C. High standard of living for all citizens: bridging income gaps between rural and urban areas. (See points 2.B and 3.C)
D. A world leader in science, technology, innovation, manufacturing, construction and engineering, space exploration, telecommunications, Artificial Intelligence, and biotech.
President Xi said in the Report to the 20th National Congress: “Building a modern socialist country in all respects is a great and arduous endeavor. Our future is bright, but we still have a long way to go. A new round of scientific and technological revolution and industrial transformation is well under way, and a significant shift is taking place in the international balance of power, presenting China with new strategic opportunities in pursuing development”.
China will continue to drive its high-quality development with the goal of becoming a world leader in many scientific and technological sectors. It is already a leader in telecommunications, artificial intelligence, high-speed rail, hydropower and other construction engineering capabilities. It has developed a world class space program in a record time with high ambitions. It is advancing its capabilities in biotechnology and medical sector. It is aiming at becoming a world leader in robotics too. Nuclear power is another field in which China is refining its home-grown fission nuclear power plant models, and is intensively advancing research in fusion power.
E. A culturally advanced nation
President Xi said in his report to the 20th National Congress: “With a history stretching back to antiquity, China’s fine traditional culture is extensive and profound; it is the crystallization of the wisdom of Chinese civilization. Our traditional culture espouses many important principles and concepts, including pursuing common good for all; regarding the people as the foundation of the state; governing by virtue; discarding the outdated in favor of the new; selecting officials on the basis of merit; promoting harmony between humanity and nature; ceaselessly pursuing self-improvement; embracing the world with virtue; acting in good faith and being friendly to others; and fostering neighborliness.

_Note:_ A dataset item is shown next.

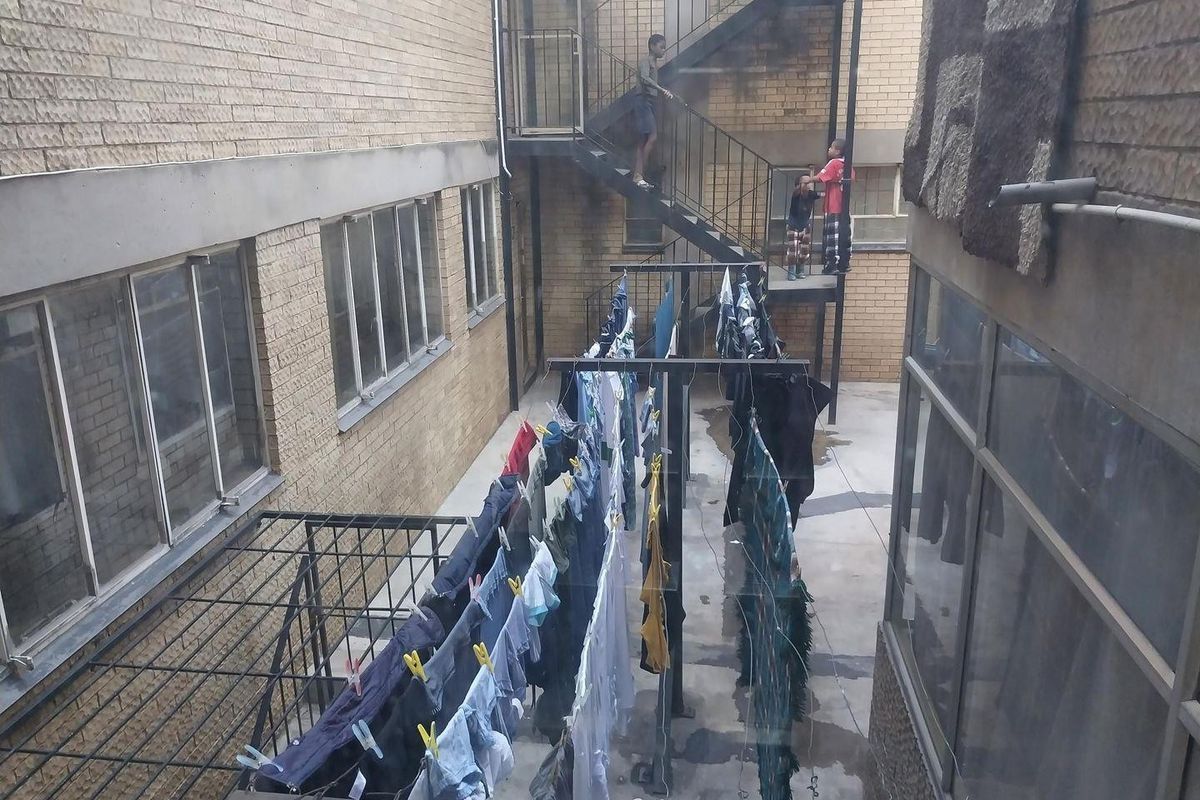 A rear courtyard area of an apartment building featuring a metal fire escape staircase and communal laundry drying facilities.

These maxims, which have taken shape over centuries of work and life, reflect the Chinese people’s way of viewing the universe, the world, society, and morality and are highly consistent with the values and propositions of scientific socialism.

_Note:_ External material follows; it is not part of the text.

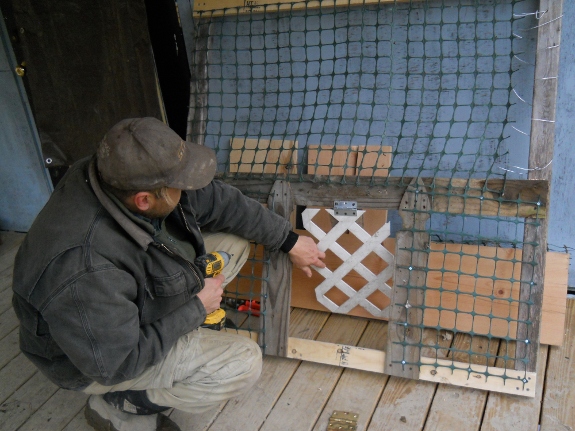 image of home made gate with dog door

“We must stay confident in our history and culture, make the past serve the present, and develop the new from the old. We must integrate the essence of Marxism with the best of fine traditional Chinese culture and with the common values that our people intuitively apply in their everyday lives.”
The cultural aspect of China’s rejuvenation is probably one of the most delicate and decisive matters in the undertakings of the CPC. China’s rise is not merely a materialistic issue, otherwise, it would risk falling into the pit of soulless consumerism and decadence. The question of culture is multi-faceted and incorporates even the economic aspects of the society such as the drivers of innovation. In the press conference held in Beijing on November 9, 2020 to present the 14th Five Year Plan (2021- 2025) adopted at the Fifth Plenary Session of the 19th CPC Central Committee in October of that year, Xin Xiangyang, Deputy Director of the Academy of Marxism at the Chinese Academy of Social Sciences, stated: “The objective to become a leading innovative country means to become among the top three in the world. Innovation will take a higher share. A culturally strong country implies a “culture industry” of 10% of GDP”.

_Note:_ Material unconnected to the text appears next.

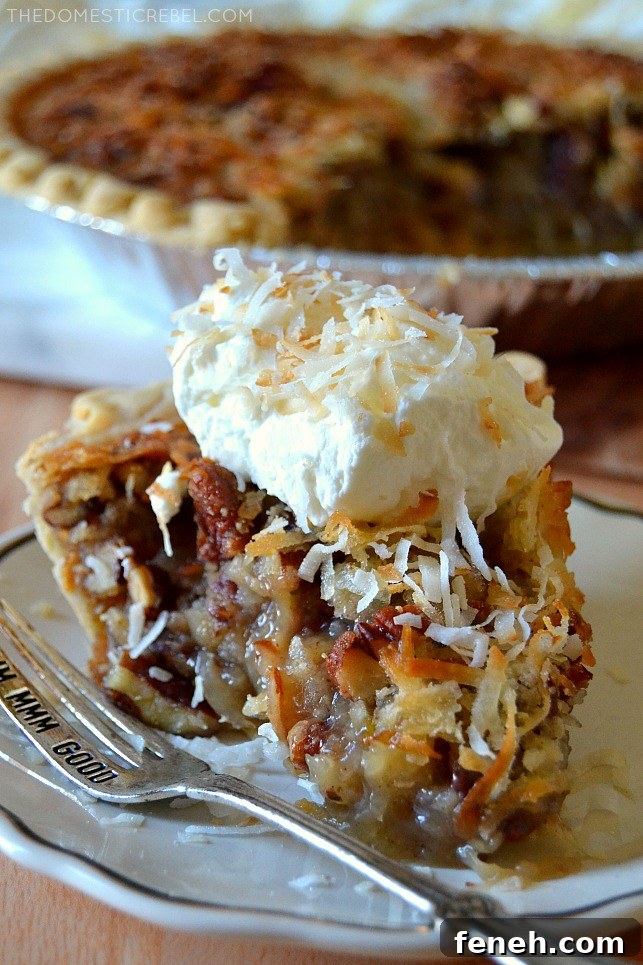 Closeup slice of coconut pecan pie on white plate with silver fork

The Chinese term translated as “culture industry” (wen hua chan ye) refers to cultural productions—written literature, films, music—and cultural services—education in the arts, museums, concert halls, libraries—conceived of as a means to improve people’s quality of life and to elevate their aesthetical sense. The argument is that the culture industry will propel economic growth! “To plan to invest 10% of China’s GDP into upshifting the culture of the general population is nothing less than astounding”, Xin wrote.
In 2018, President Xi Jinping underscored the importance of aesthetic education in his response to a letter from eight senior professors from the Central Academy of Fine Arts (CAFA) in Beijing. Xi called for more efforts in education to shape, in the country’s youth, “a more beautiful mind,” so that young people would be able to “deliver masterpieces of art to the world.” Implying the importance of the classical principles of traditional Chinese painting and music, Xi urged the senior professors to “abide by the laws of aesthetics and carry forward the Chinese spirit of aesthetic education.”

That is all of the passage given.